Потом она махнула рукой и взяла со спинки стула джинсы. Я очень смеялся, глядя, как она пытается попасть ногой в штанину, но все время теряет равновесие. Наконец, ей удалось это. А застегивая молнию, Ленка взвизгнула, защемив замком волосы. Тут уж я буквально покатился со смеху. То есть я в самом прямом смысле скатился с кровати, не желая расцеплять пальцы, соединенные на коленях. В одеяле я был круглый, как колобок. А Ленка, догадавшись, наконец, подсунуть под молнию ладонь, застегнула-таки джинсы и двинулась к двери.

– Ты что, Малышка, – крикнул я, – прямо так и пойдешь?

– А чего такого? – обернулась она.

– Ну, нет, Малышка, внизу тебя могут понять неправильно.

И я швырнул ей свою ковбойку – первое, что попалось под руку.

Ковбойку она застегивать не стала, а завязала узлом на животе, и получилось такое декольте, что я опять чуть со смеху не помер.

– Ты хоть рукава закатай, – посоветовал я, – а то будто только сегодня из психушки.

Наконец, она убежала. Теперь я был уже способен вылезти из постели и, зябко поеживаясь, хоть было совсем тепло, направился в ванную. На полдороги мне подумалось, что надо надеть трусы (мало ли кто войдет) и я вернулся. Но и моих трусов в спальне не было.

Движимый каким-то подсознательным ощущением, я прошел в кабинет.

Трусы лежали на полу, возле кресла. А все помещение было обильно усыпано страницами моей рукописи. На столе, среди сильно измятых листов, лежали Ленкины трусы. Здесь же лежала ее майка. В памяти начали медленно проявляться картины давешнего веселья.

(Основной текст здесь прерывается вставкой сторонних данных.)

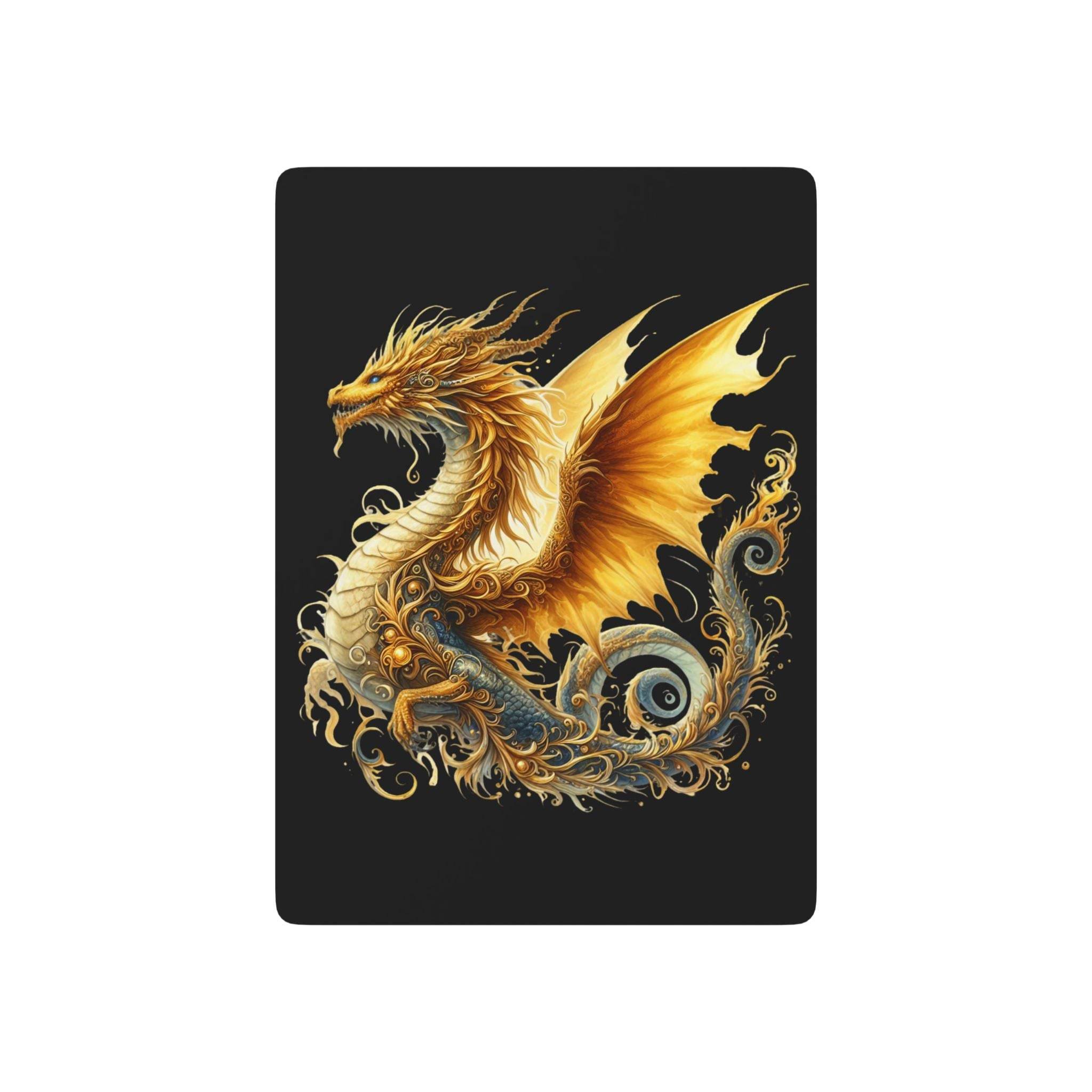 Dragon design playing cards featuring an intricate golden dragon artwork on black background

И тут дверь в гостиную с шумом отворилась, и Ленка, качающаяся под тяжестью ноши, грохнула на пол пластмассовый ящик с двадцатью запотевшими бутылочками, села рядом и блаженно зажмурилась. И у меня от предвкушения гулко заколотилось сердце, но сначала я решил сообщить новость:

– Малышка! – торжественно произнес я. – Я нашел твои трусы. Они были на письменном столе.

Ленка уже схватила бутылку и яростно открывала ее зубами, не в силах более ждать.

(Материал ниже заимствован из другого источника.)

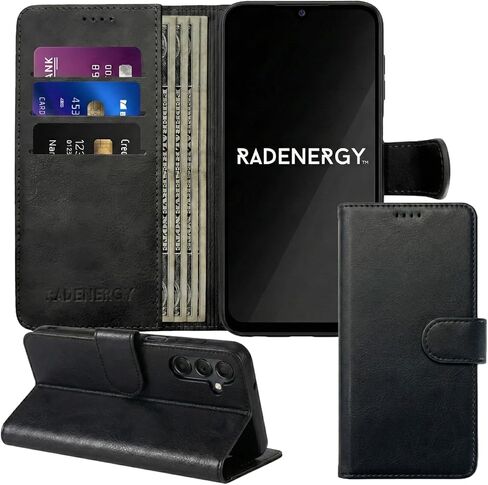 EMF Blocking Leather Phone Wallet Case for Samsung Galaxy S25, 99% Anti-Radiation Protection, RFID, EMF Cell Phone Cover, Removable Case, Card Holder & Stand, for Men & Women, Brown in Saudi Arabia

– На письменном столе? – сказала она, выплевывая пробку. – Оригинально!

Она, не отрываясь, почти осушила бутылку и, шумно выдохнув, начала хохотать. Видимо, тоже вспомнила вчерашнее.

– Виктор, – говорила она сквозь смех, – но почему именно на письменном столе?

– Не знаю, – сказал я, – просто так захотелось.

И мы стали хохотать вдвоем. Мы даже не услышали, как вошли Альтер с Аленой. Алена выглядела экстравагантно. На ней были огромные, не по размеру кроссовки с болтающимися шнурками, яркие спортивные трусы и мокрая насквозь и потому почти прозрачная кофточка, едва достающая до пупка. Альтер был практически голый, если не считать большого махрового полотенца в качестве набедренной повязки.

Оказывается, они увидели на лестнице Ленку с ящиком и тут же ощутили жгучую жажду. А еще они пришли к нам мыться, потому что у них в номере какой-то шутник завязал душ узлом, труба лопнула, вода брызжит во все стороны, только не туда, куда надо, и теперь, как сказал Альтер, у них даже кошку не вымоешь. Ленка спросила, почему именно кошку, на что Альтер ответить не смог, а я напомнил ему, что он и есть тот самый шутник, что это по его идее мы вдвоем завязывали узлом шланг, причем были уверены, что это ванная комната в номере Угрюмого, и тут уже смех поднялся несусветный.